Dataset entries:
_ _ _

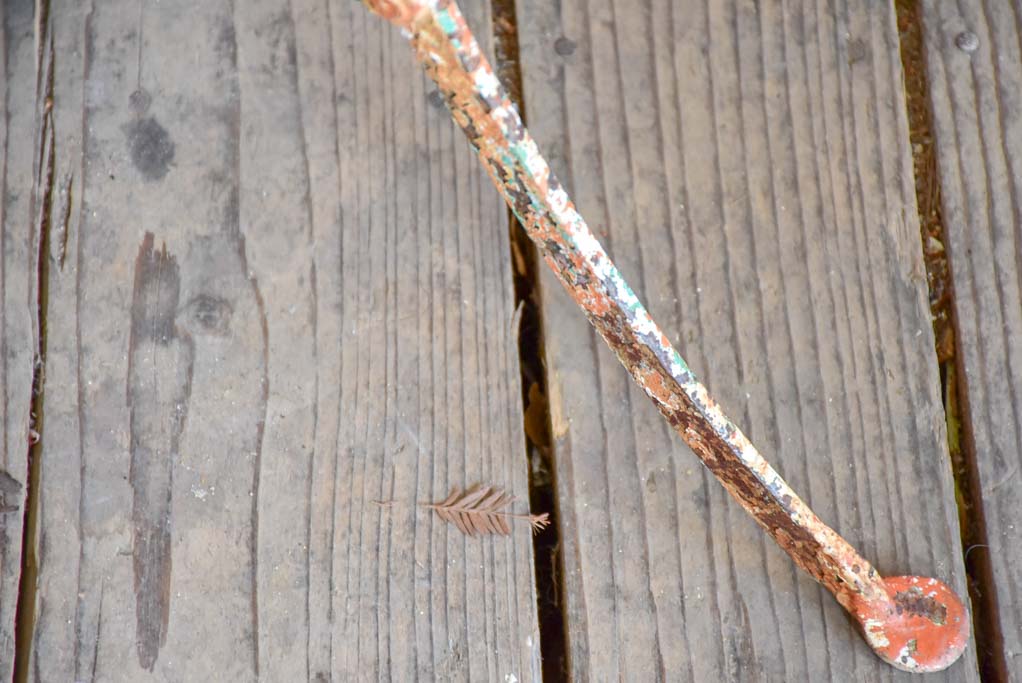 Rustic French garden table with weathered green and orange patina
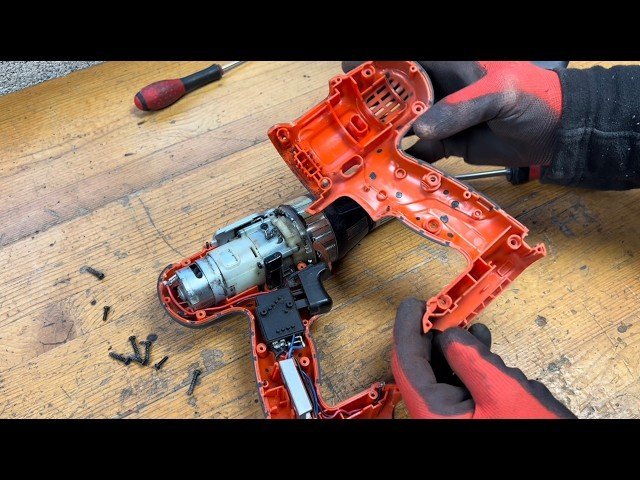 Internal mechanical components of a power drill motor showing detailed copper wiring.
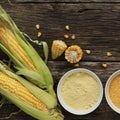 Polenta corn grits and corn flour in a porcelain bowl on a wooden table. Ears of corn and pieces of corn next to bowls. Gluten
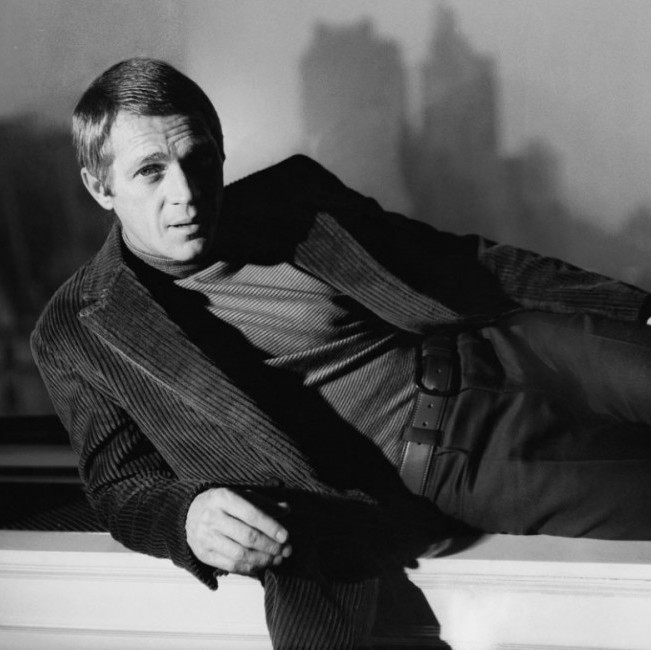 Steve McQueen pairs texture and tone in a corduroy jacket and a ribbed turtle neck.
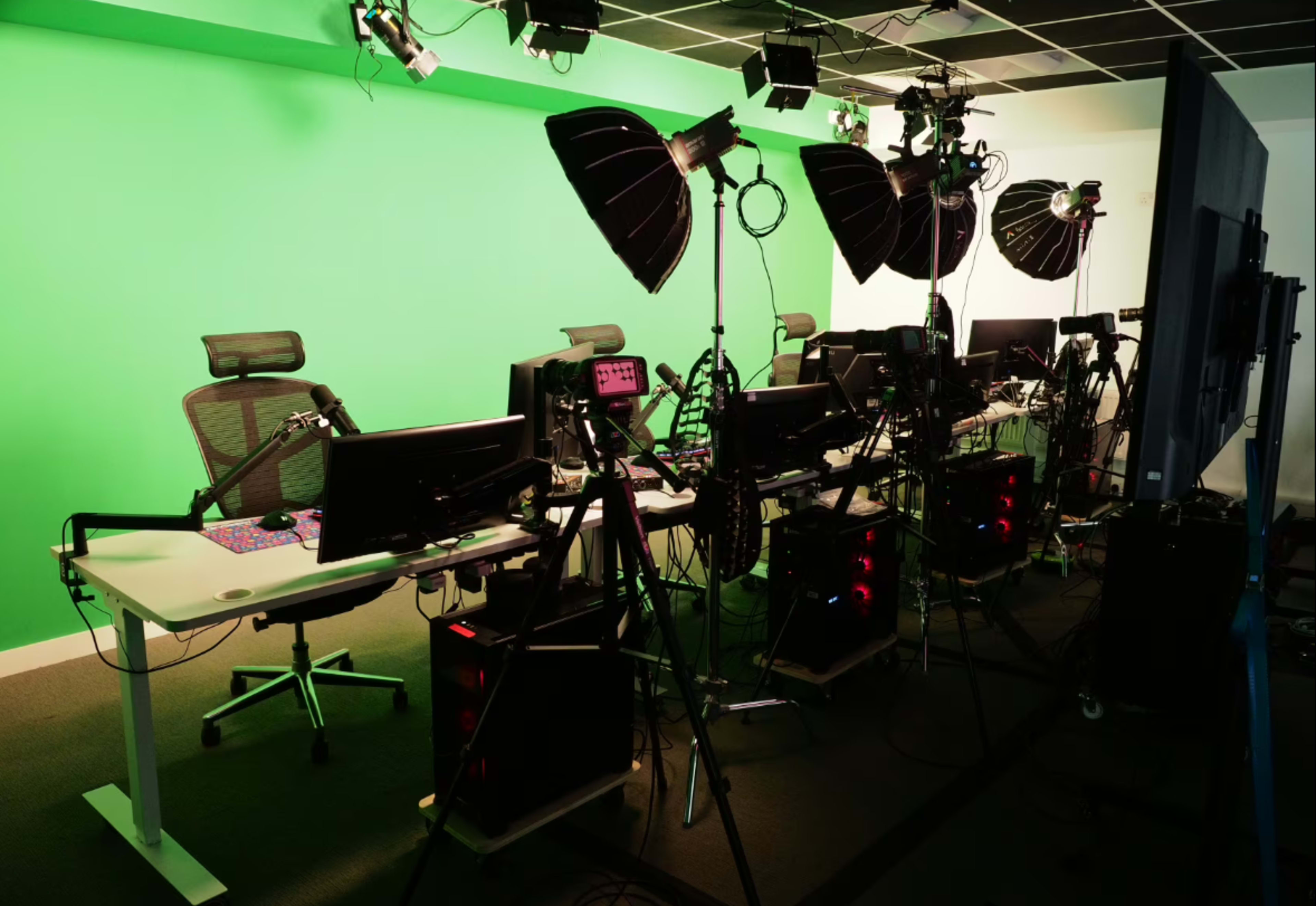 The image shows a studio setup with multiple workstations, green screens, lighting equipment, and computers arranged in a row.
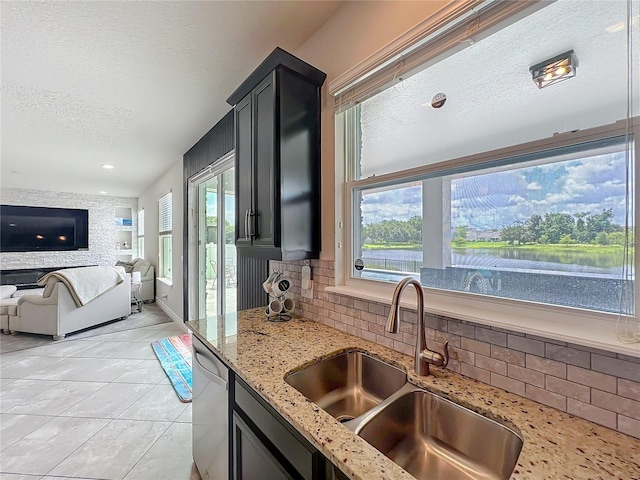 4993 Southlawn Ave, Orlando, FL 32811 - kitchen with a sink, a textured ceiling, dishwasher, tasteful backsplash, and light stone counters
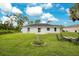 View of the backyard with a large grassy area, patio, and landscaping at 2706 Flagami Ln, North Port, FL 34286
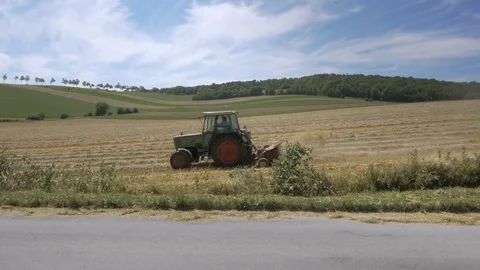 Tractor plowing wheat field in 60fps. Edit sequence. Video stock 80252870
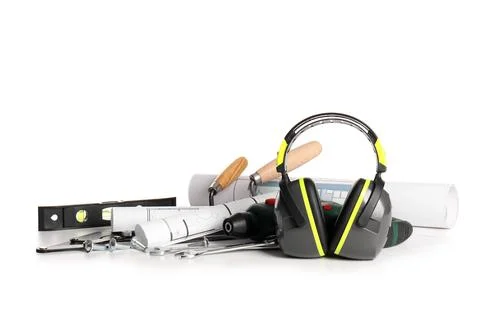 Hearing protectors with set of construction tools and house plans isolated on Stock Photos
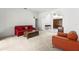 Comfortable living room with neutral carpet, a bright red sofa, and stylish decorative accents at 28451 Great Bend Pl, Wesley Chapel, FL 33543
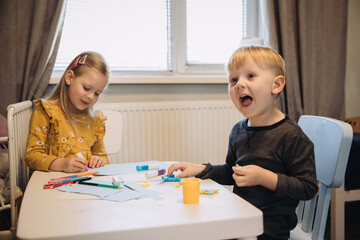 Fototapeta premium Children doing creative craft activities at home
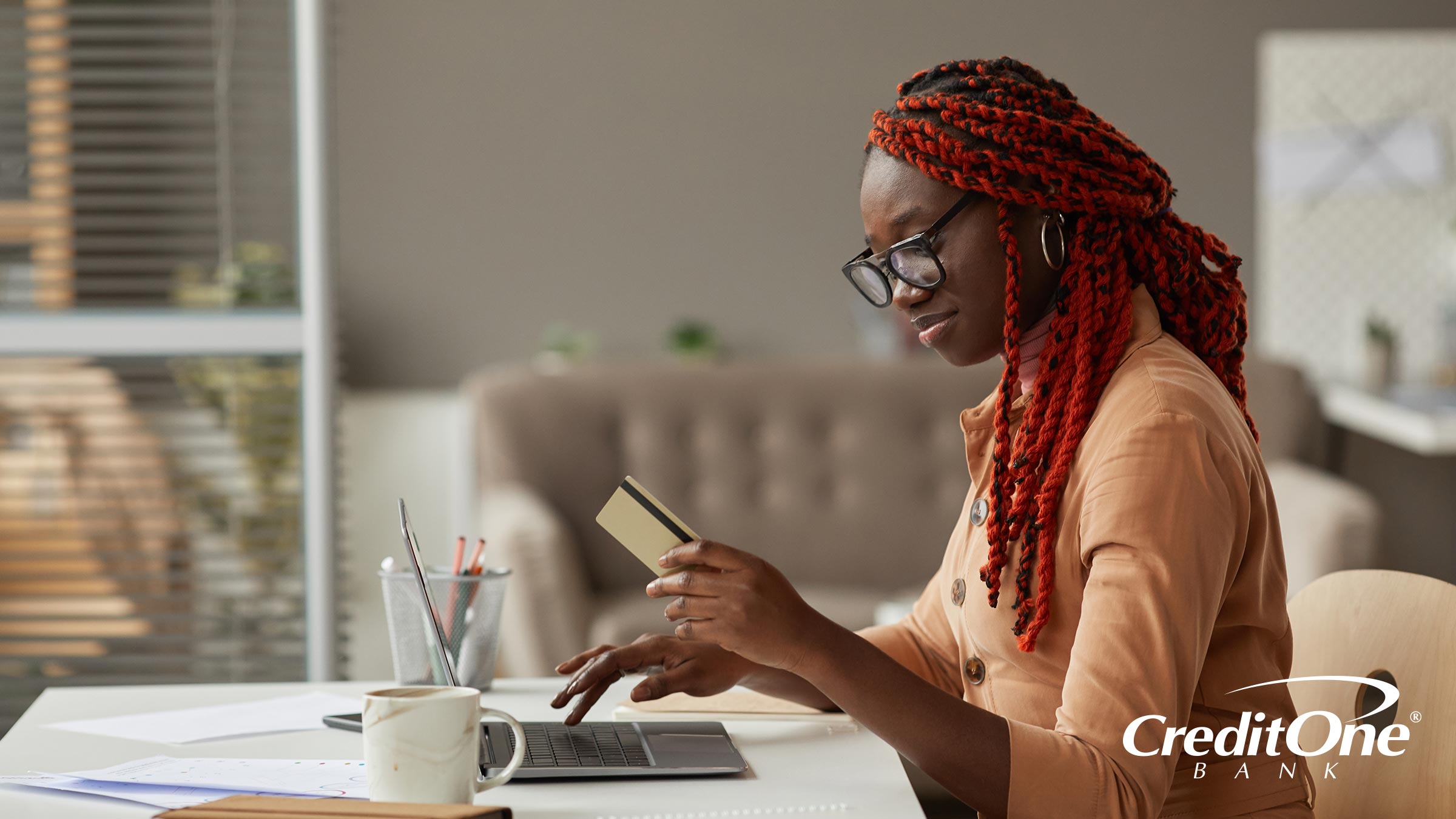A young woman uses her laptop while looking at her credit card as if she’s shopping online. Perhaps she’s making use of her credit card’s grace period.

_ _ _

### [Exercise description]
Leaving each picture behind, please give again exactly the lines above from the one with "Steve McQueen pairs" through the one with "Fototapeta premium Children", both included, and no others.

### [Reply]
 Steve McQueen pairs texture and tone in a corduroy jacket and a ribbed turtle neck.
 The image shows a studio setup with multiple workstations, green screens, lighting equipment, and computers arranged in a row.
 4993 Southlawn Ave, Orlando, FL 32811 - kitchen with a sink, a textured ceiling, dishwasher, tasteful backsplash, and light stone counters
 View of the backyard with a large grassy area, patio, and landscaping at 2706 Flagami Ln, North Port, FL 34286
 Tractor plowing wheat field in 60fps. Edit sequence. Video stock 80252870
 Hearing protectors with set of construction tools and house plans isolated on Stock Photos
 Comfortable living room with neutral carpet, a bright red sofa, and stylish decorative accents at 28451 Great Bend Pl, Wesley Chapel, FL 33543
 Fototapeta premium Children doing creative craft activities at home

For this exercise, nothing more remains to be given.